Berikut beberapa pengorbanan dan kemulian seorang ibu menurut Al-Qur’an:
Baca: Hari Ibu di Berbagai Negara
Masa kehamilan dan melahirkan
Saat memasuki masa kehamilan, akan ada banyak hal yang dirasa dan ditanggung seorang ibu. Pemenuhan kebutuhan yang awalnya hanya untuk dirinya sendiri, kini harus dibagi dengan janin yang ada dalam kandungannya. Keadaan tersebut akan terus berlanjut hingga janin terbentuk sempurna menjadi sosok manusia.
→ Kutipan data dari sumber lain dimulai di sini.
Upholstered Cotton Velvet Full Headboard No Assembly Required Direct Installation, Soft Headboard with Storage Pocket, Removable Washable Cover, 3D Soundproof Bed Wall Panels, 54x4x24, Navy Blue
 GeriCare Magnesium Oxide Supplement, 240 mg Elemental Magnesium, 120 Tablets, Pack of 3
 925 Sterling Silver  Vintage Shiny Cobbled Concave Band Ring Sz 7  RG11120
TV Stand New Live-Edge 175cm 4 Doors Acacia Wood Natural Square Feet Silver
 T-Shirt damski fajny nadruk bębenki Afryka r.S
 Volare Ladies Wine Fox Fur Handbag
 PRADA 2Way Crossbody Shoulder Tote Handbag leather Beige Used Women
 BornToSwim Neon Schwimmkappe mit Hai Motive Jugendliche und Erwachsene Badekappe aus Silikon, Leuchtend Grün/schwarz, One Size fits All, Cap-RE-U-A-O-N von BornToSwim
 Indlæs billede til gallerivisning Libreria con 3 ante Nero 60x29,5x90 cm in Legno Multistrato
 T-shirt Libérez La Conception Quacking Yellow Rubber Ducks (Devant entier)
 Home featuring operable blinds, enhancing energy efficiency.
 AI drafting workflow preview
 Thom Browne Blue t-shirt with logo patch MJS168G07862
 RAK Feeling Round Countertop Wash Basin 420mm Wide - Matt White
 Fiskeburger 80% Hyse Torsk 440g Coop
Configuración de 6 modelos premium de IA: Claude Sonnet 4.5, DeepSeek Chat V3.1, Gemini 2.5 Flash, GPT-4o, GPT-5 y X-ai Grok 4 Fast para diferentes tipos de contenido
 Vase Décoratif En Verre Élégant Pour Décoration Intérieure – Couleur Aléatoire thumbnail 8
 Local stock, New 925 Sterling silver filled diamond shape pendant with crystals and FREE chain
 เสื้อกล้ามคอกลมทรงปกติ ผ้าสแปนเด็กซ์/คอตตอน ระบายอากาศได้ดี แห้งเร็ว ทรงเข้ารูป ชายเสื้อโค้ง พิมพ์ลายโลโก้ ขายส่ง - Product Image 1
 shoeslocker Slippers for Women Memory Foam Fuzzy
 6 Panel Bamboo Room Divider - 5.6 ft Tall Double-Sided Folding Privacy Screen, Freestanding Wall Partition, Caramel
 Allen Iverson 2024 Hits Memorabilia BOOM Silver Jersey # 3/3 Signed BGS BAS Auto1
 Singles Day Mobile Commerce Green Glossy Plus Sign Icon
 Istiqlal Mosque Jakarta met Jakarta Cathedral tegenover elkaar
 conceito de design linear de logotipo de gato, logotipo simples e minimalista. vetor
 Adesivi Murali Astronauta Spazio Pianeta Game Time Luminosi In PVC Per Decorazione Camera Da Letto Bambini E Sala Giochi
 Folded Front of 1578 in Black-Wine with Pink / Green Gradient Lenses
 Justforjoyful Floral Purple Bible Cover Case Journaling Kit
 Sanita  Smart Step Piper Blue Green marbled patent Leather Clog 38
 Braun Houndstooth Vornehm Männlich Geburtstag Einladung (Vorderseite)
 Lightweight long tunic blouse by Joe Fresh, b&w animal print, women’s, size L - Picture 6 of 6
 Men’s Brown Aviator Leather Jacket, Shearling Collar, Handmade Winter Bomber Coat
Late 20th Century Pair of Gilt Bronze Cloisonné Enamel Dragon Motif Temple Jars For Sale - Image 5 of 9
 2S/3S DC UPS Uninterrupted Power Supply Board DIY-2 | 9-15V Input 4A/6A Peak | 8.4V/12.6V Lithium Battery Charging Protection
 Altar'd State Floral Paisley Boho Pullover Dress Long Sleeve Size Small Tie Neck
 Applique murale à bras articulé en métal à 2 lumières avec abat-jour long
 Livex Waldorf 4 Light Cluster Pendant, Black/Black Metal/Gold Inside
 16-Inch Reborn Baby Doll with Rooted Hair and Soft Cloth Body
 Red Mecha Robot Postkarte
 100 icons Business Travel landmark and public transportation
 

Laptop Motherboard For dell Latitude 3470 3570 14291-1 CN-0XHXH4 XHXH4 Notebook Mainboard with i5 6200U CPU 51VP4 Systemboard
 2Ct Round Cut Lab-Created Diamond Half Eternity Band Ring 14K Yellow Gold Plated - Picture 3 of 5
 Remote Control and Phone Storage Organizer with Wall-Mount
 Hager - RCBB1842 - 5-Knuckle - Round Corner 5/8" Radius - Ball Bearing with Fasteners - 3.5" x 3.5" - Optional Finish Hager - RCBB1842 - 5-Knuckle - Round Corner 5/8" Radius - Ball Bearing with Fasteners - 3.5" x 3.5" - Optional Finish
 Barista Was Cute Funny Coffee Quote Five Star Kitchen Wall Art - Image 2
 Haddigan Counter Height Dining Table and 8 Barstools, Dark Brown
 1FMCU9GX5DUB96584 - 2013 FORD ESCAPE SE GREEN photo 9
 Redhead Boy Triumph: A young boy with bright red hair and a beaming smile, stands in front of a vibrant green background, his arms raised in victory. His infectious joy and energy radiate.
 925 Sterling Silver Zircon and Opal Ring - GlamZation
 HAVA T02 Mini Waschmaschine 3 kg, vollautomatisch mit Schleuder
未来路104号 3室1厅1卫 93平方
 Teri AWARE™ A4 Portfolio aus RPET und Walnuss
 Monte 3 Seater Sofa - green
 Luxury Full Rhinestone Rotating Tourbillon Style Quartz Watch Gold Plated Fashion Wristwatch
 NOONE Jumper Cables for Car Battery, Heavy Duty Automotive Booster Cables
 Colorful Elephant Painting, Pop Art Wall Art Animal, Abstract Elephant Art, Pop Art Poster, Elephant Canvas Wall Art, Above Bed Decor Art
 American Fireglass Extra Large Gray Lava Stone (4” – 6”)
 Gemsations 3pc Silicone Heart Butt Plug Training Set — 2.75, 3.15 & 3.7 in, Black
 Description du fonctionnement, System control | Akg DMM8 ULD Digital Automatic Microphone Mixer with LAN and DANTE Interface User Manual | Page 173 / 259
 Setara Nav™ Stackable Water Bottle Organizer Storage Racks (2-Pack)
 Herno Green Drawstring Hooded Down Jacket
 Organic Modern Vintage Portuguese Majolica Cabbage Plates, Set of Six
Gambaran kondisi fisik seorang ibu ketika mengandung disebutkan dalam QS. Luqman: 14. Allah Swt berfirman:
وَوَصَّيْنَا الْاِنْسَانَ بِوَالِدَيْهِۚ حَمَلَتْهُ اُمُّهٗ وَهْنًا عَلٰى وَهْنٍ وَّفِصَالُهٗ فِيْ عَامَيْنِ اَنِ اشْكُرْ لِيْ وَلِوَالِدَيْكَۗ اِلَيَّ الْمَصِيْرُ
“Kami mewasiatkan kepada manusia (agar berbuat baik) kepada kedua orang tuanya. Ibunya telah mengandungnya dalam keadaan lemah yang bertambah-tambah dan menyapihnya dalam dua tahun. (Wasiat Kami) ‘Bersyukurlah kepada-Ku dan kepada kedua orang tuamu.’ Hanya kepada-Ku (kamu) kembali.”
Imam Al-Qurthubi dalam Jami’ li Ahkam al-Qur’an menjelaskan, keadaan lemah yang diderita seorang ibu ketika mengandung bayi di dalam rahimnya akan semakin bertambah hari demi hari seiring berjalannya usia kehamilan.
“Kondisi fisik perempuan memang sudah terbilang lemah. Kemudian semakin bertambah lemah lagi dengan adanya kehamilan,” tulis Imam Al-Qurthubi.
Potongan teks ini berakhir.